La Svizzera dice no al referendum sull’ambiente
Mentre in numerosi Paesi (in primis in Germania, ma recentemente anche in Italia) si sta agendo su più fronti per contrastare la crisi climatica, la Svizzera rallenta pericolosamente la sua cosiddetta “transizione ambientale”. Nei giorni scorsi, infatti, gli elettori svizzeri hanno bocciato con un referendum (51,6% dei voti) l’introduzione di nuove misure che avrebbero dovuto ridurre l’emissione di CO2. L’obiettivo avrebbe dovuto essere quello di rafforzare gli obblighi derivanti dall’Accordo di Parigi del 2015, che ora potrebbero essere addirittura non rispettati.

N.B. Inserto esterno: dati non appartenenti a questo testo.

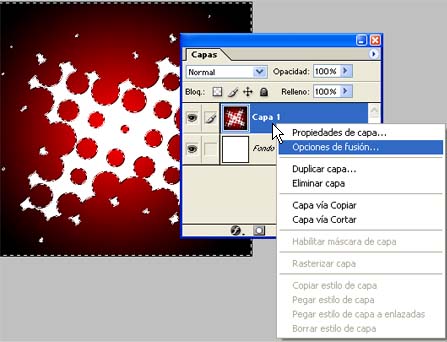 Fondo Circunferencial 07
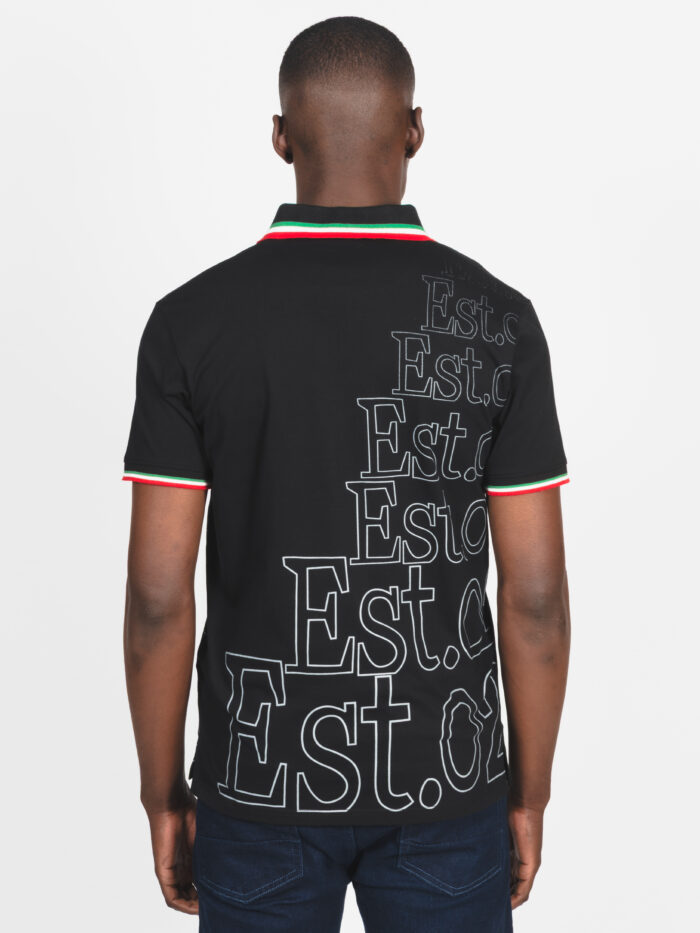 House of Monatic 12-08-25 (337) RICO - Golfer Shirt - Image 6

I quesiti del referendum sull’ambiente
I cittadini sono stati chiamati ad esprimersi su due quesiti: “For clean drinking water and healthy food” e “For a Switzerland without artificial pesticides”.
Il primo, come il nome suggerisce, riguardava l’obiettivo di preservare l’acqua potabile, in particolare attraverso la riduzione dell’impatto ambientale dell’agricoltura. Gli agricoltori, inoltre, previe verifiche da parte degli organi di competenza, avrebbero potuto accedere a importanti sussidi per rendere più sostenibile l’agricoltura. In genere, affinché gli agricoltori potessero ricevere i sussidi, sarebbe stato fondamentale rispettare diversi requisiti, tra cui la rinuncia all’uso di pesticidi o antibiotici o l’obbligo di nutrire il bestiame unicamente con foraggio autoprodotto. Ciononostante, a detta dei promotori del referendum, tali azioni sarebbero risultate insufficienti, in quanto i sussidi diretti avrebbero in ogni caso supportato un sistema che danneggia l’ambiente e inquina l’acqua potabile.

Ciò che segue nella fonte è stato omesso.